# Anemia in banded mice? *New update, Megacolon?*



## Frizzle (Oct 6, 2011)

I'd heard it referenced on this site and elsewhere that anemia is/can be prevalent in Banded mice. Has anyone had any experience with this? I only have one female, but this variety interests me, and I might focus on it. I did find an article that talked about it, very briefly. Does anyone have any other signs/symptoms so I can be aware of if it crops up?

http://ko.cwru.edu/docs/rodentcondition.pdf

"Anemia: Anemia can be difficult to
assess in pigmented mice, but observing
the color of the foot pads is a quick, easy
way to estimate anemia. You will be able to
detect an anemic mouse because of the
pallor or paleness of its footpads."


----------



## Cait (Oct 3, 2008)

I used to breed banded mice and had no problem with anaemia. Mine were the dominant banded gene, and even the charlies were fine health-wise.


----------



## SarahY (Nov 6, 2008)

I have only ever heard of it being relevent to variegated breeding?


----------



## Frizzle (Oct 6, 2011)

One of the ones was right here on their description page, but if no-ones ever had problems with it, I will take that. : )

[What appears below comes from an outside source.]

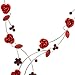 Glamorousky Elegant Rose Necklace with Red Austrian Element Crystals and Crystal Glass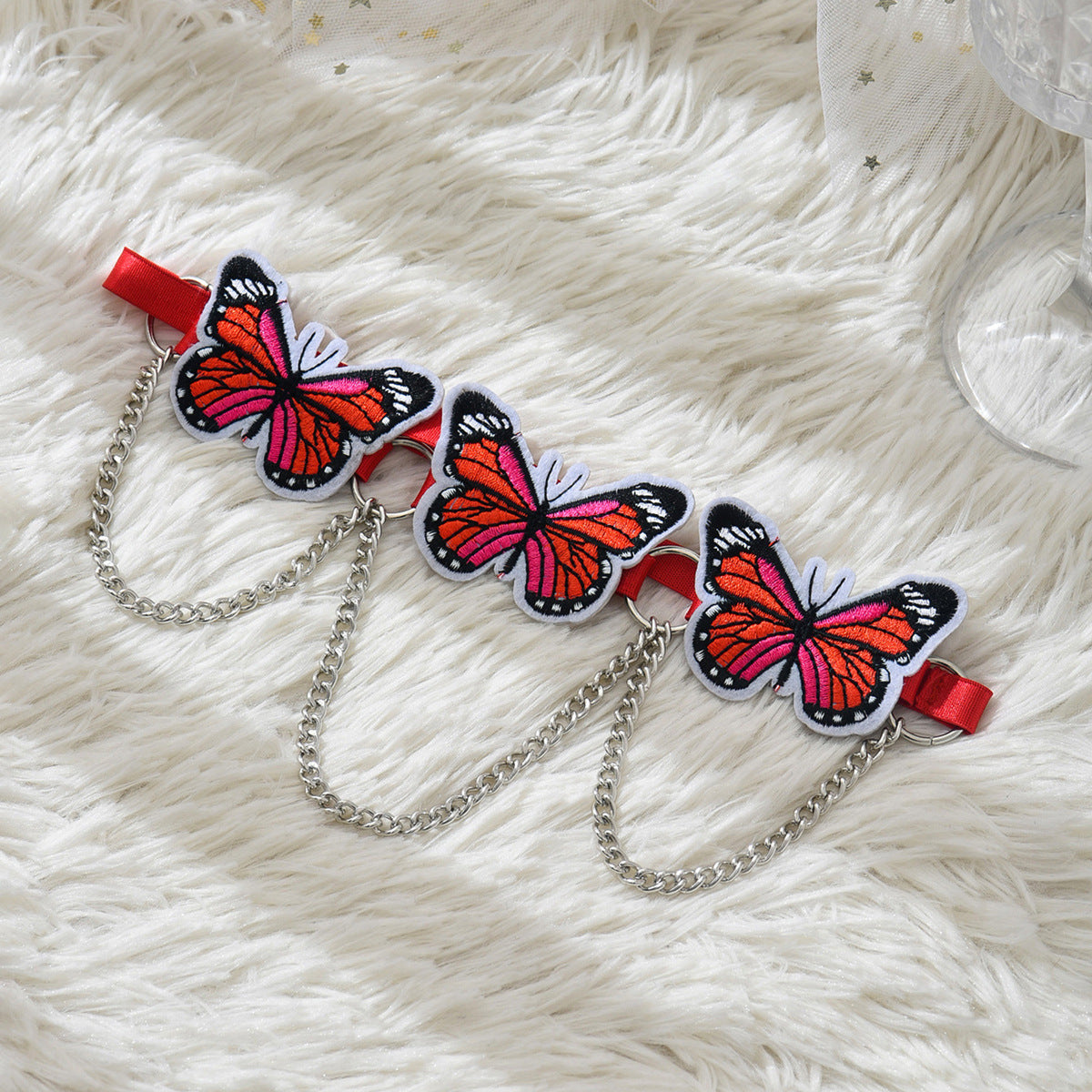 Red Embroidered Butterflies Leg Garter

viewtopic.php?f=27&t=48&hilit=banded+anemic


----------



## SarahY (Nov 6, 2008)

Right, I thought that information was wrong, so I did some quick research. Apparently a particular banded gene (Wbd) can be _slightly_ anaemic, but this is an uncommon gene, and homozygous Wbd produces a capped mouse (pigment only on the head). The common dominant banded is called sashed (Wsh), this does not produce anaemic mice and the homozygous Wsh are called 'charlies', which have pigment on the head and tail base. The recessive banded (belted 'bt') does not produce anaemic mice. So you're probably OK


----------



## Frizzle (Oct 6, 2011)

Okay. The one I have is from a pet store, so more likely then not is the Wsh, therefore meaning I don't have to worry about the anemia. Where did you find the info, btw? I tried all over here and google. : /


----------



## SarahY (Nov 6, 2008)

I found it on Finnmouse.


----------



## Laigaie (Mar 7, 2011)

Wait, you found banded at a pet store? What luck!


----------



## Frizzle (Oct 6, 2011)

@SarahY: Well thanks for the info, I swear I read all over the place, including that site. Maybe I just needed it reworded for me. Thank you!

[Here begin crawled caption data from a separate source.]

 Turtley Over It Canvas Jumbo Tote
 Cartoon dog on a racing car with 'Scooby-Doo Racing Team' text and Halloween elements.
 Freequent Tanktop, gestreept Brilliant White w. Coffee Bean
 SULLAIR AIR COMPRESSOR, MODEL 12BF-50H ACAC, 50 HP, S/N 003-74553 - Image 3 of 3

@Laigaie: Yeah, I'd told myself if I saw anything besides white, I was gonna start messing with mice. It was from the local petco. They get their rodent shipment every other Thursday, so I swing down now every other Friday now to snatch up any nice does. I'd really like some variegated, but I've only seen piebalds. Double Stuff is pretty poor type, and this would be a fun variety to try my hand at tweaking out. I like all the high contrasting types, and that she looks like an oreo makes me want to breed more. : )

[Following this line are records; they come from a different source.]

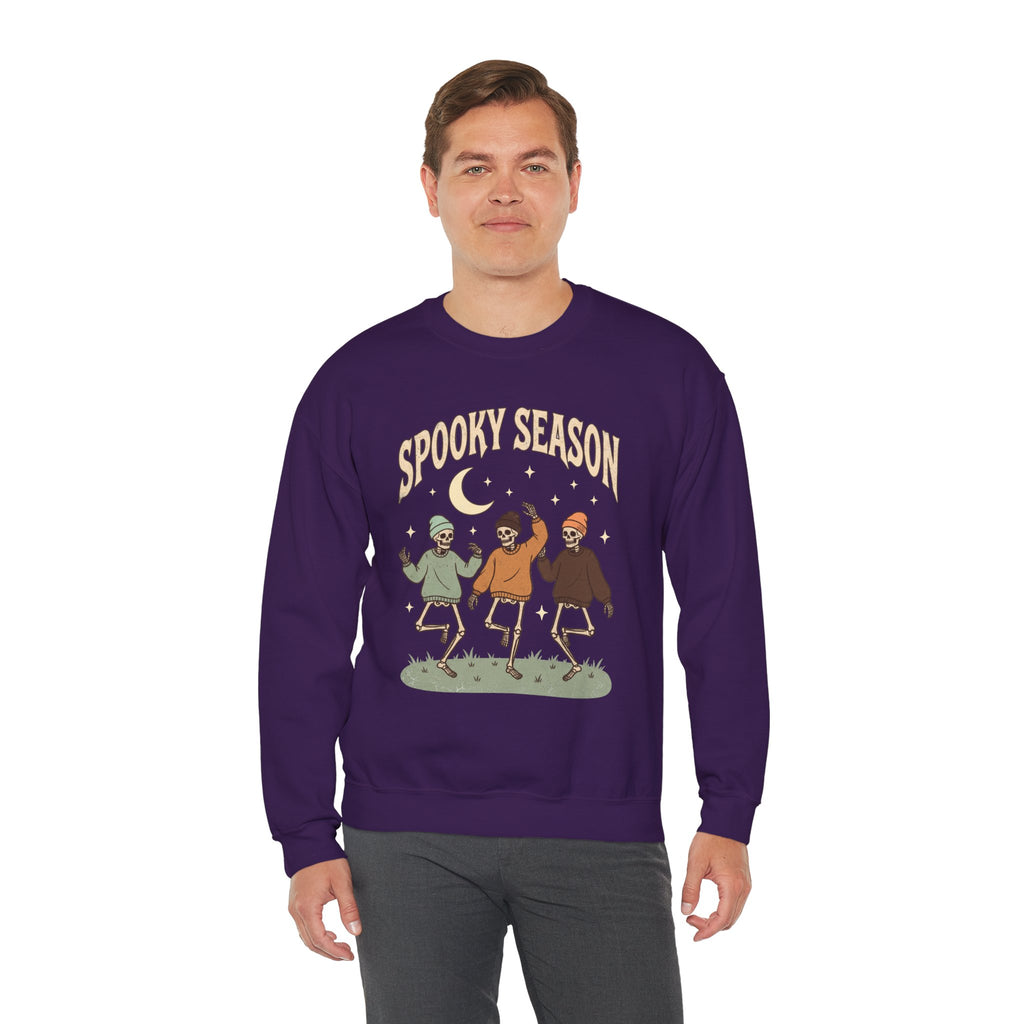 Spooky Season Crewneck Sweatshirt — Dancing Skeletons Halloween Pullover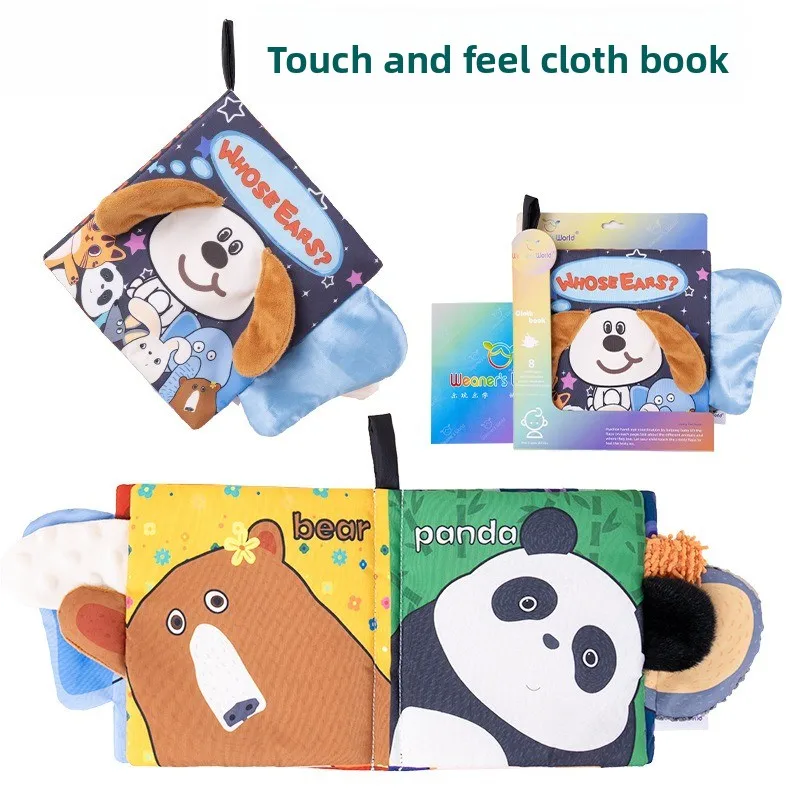 

Animal Ears Fabric Book Crinkle Paper Touch Early Learning Toy Safe Material Grasping Cognition Parent Child Interaction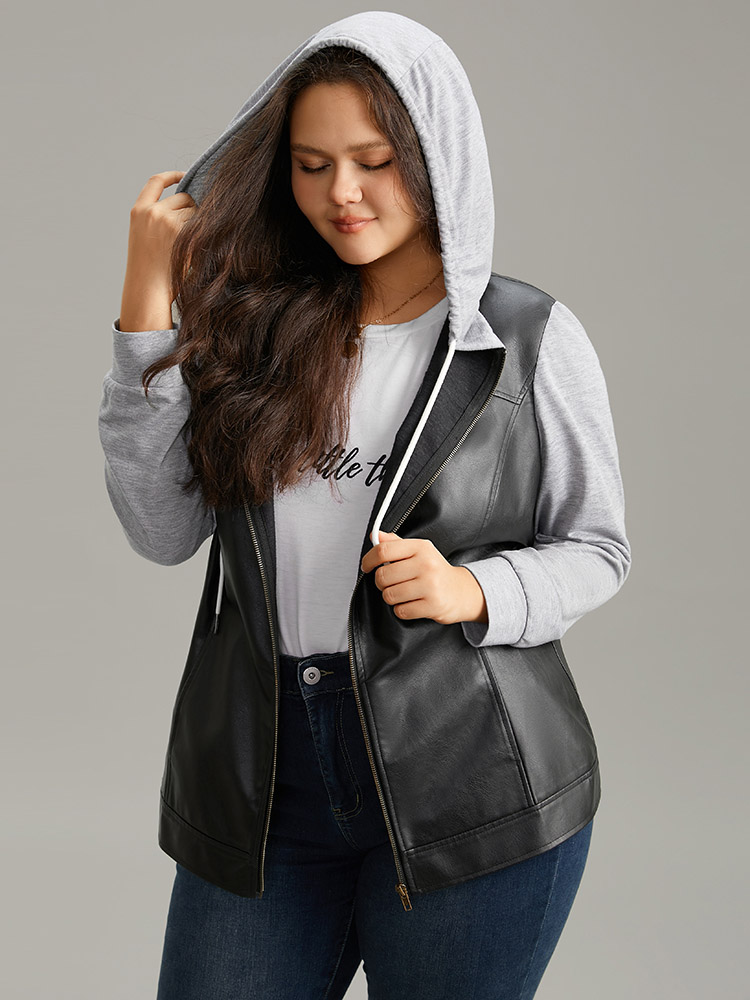 

Plus Size PU Leather Zipper Hooded Drawstring Jacket Women Black Contrast Pocket Everyday Jackets BloomChic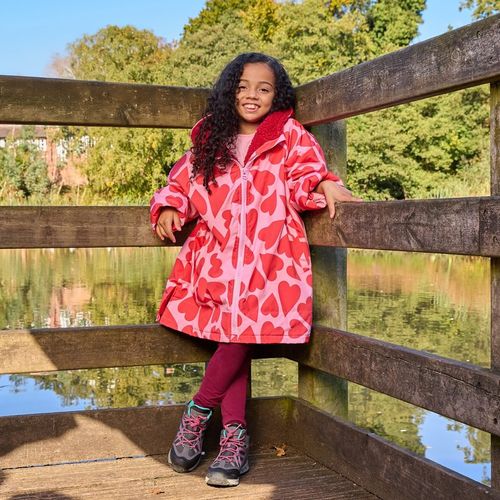 OHS Kids Water Resistant Heart Print Sherpa Drying Robe, Pink/Red - Large/Extra Large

On the fancy mice website I was able to find some good info, and also a nice depiction of the ways the gene can be expressed. 
http://www.fancymice.info/whattolookforbanded.htm


----------



## Laigaie (Mar 7, 2011)

I'm a little uncertain about this comment from that link:


> When mating, theoretically mice can be balanced in traits, e.g. by mating a mouse with a coloured zip in a certain place to a mouse with a white zip in the same place. However, banded is a dominant gene and a 'standard' banded will only inherit the gene from one parent. That means it will not get opposite characteristics from each parent (which works with brokens).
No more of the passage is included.